Concentration


I believe to get the best experience with your stereo you have to give your full attention to the music (not the sound.)  Reading, doing chores, or writing something (like I’m doing right now) really lessens your enjoyment and can potentially cause you to doubt the quality of your system.  
What do you think?

rvpiano

Reading, doing chores, or writing something ... really lessens your enjoyment and can potentially cause you to doubt the quality of your system.  
What do you think?

I disagree. If I listened to my system only when I can give it full, undivided attention I would be listening 20 or 30 minutes a day, as opposed to 5 or 6 or 7 hours.

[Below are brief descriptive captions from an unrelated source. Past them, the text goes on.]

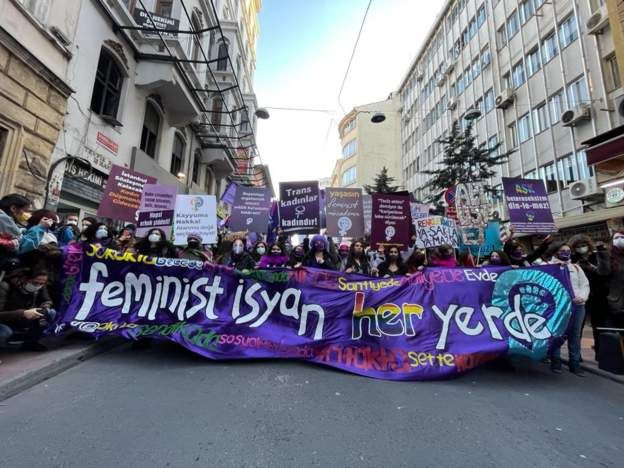 İstanbul'da '8 Mart Feminist Gece Yürüyüşü'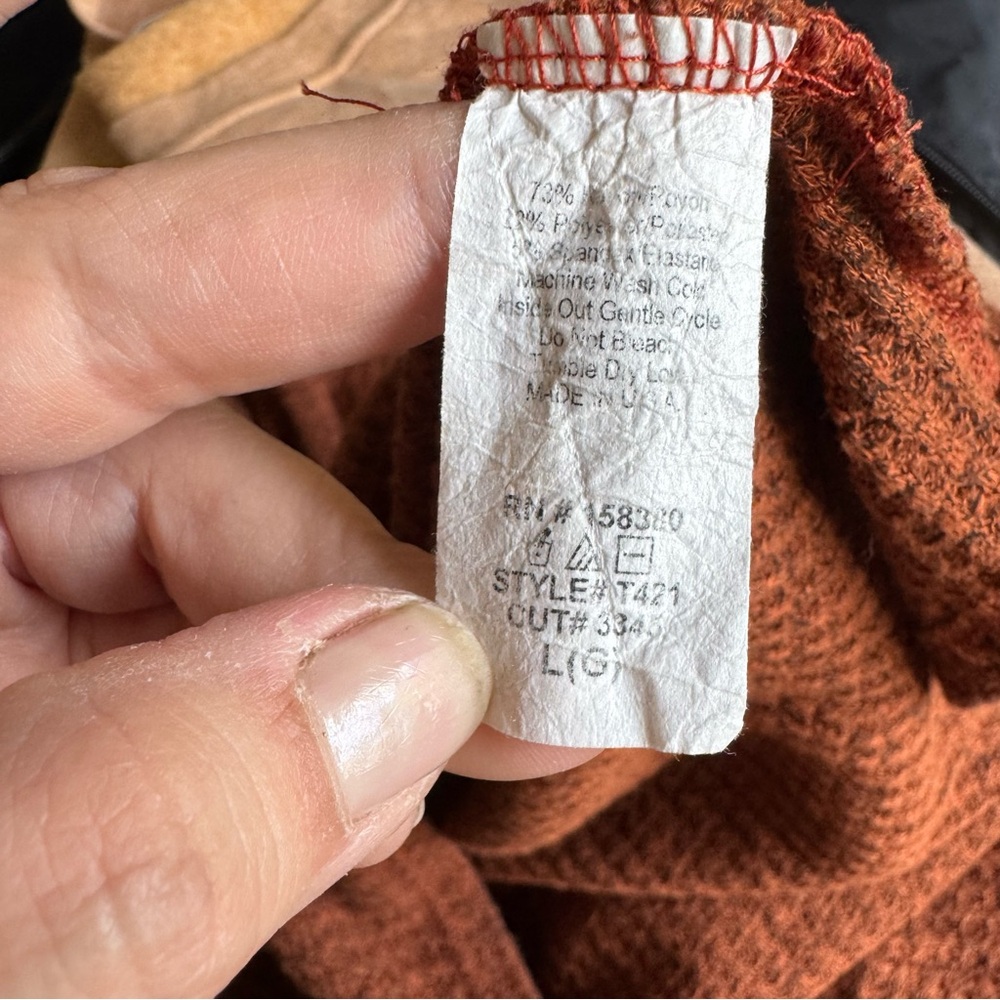 Natural Life Heathered Rust Waffle Knit V-Neck Top - Picture 6 of 7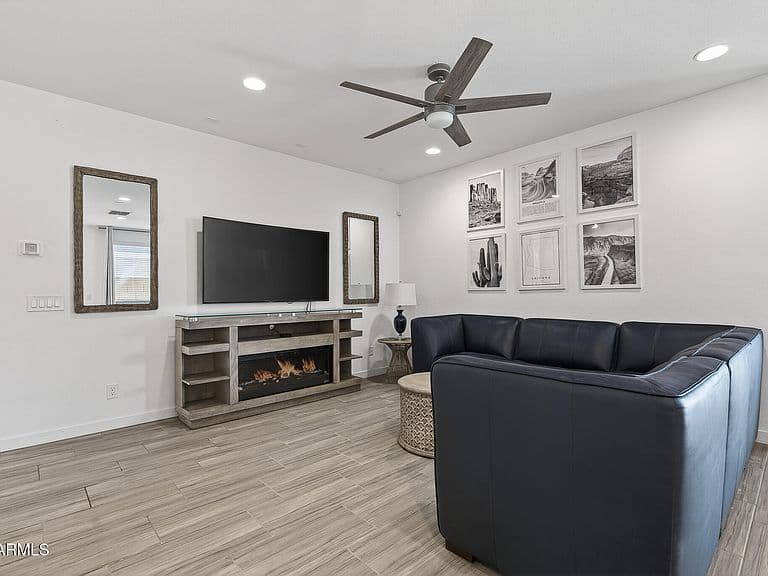 8918 W RANCHO Drive photo 3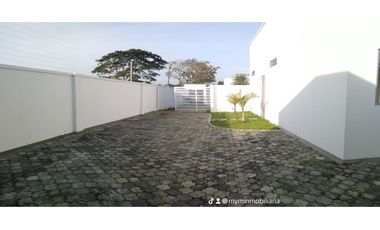 CASA CON PISCINA EN CONJUNTO CERRADO CAMPESTRE EN MONTERA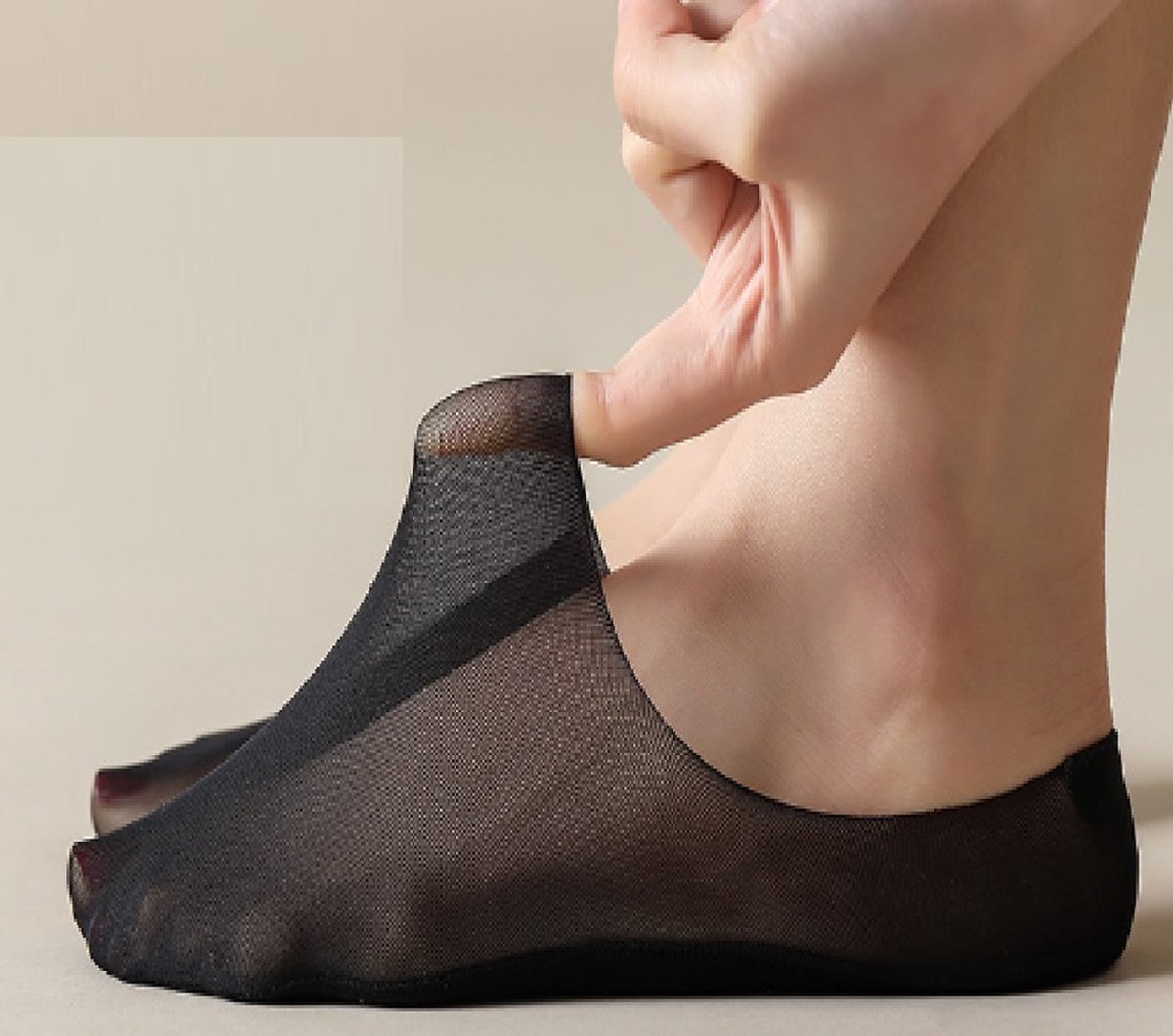 4 Pairs of Cooling Socks for Women | Invisible Socks | Fabric Socks | Soft & Lightweight | Boat Socks | Size 36-42 | Black — image 4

So, far from lessening my enjoyment, ancillary activities greatly multiply it.

One other factor is relevant here.  In one way we’re talking about apples and oranges.  As I’ve said, those who listen to classical music generally have to concentrate a little more on to what is going on in the music.  I believe that rock, pop and the like is detected more viscerally and instinctively than classical.
People feel the music rather than think about it.  Of course classical music lovers also feel the music, but there is an added element to their listening.

I, WillSkRoLL>>> pasT

Literally laughing aloud.  You are killing me, @unclewilbur !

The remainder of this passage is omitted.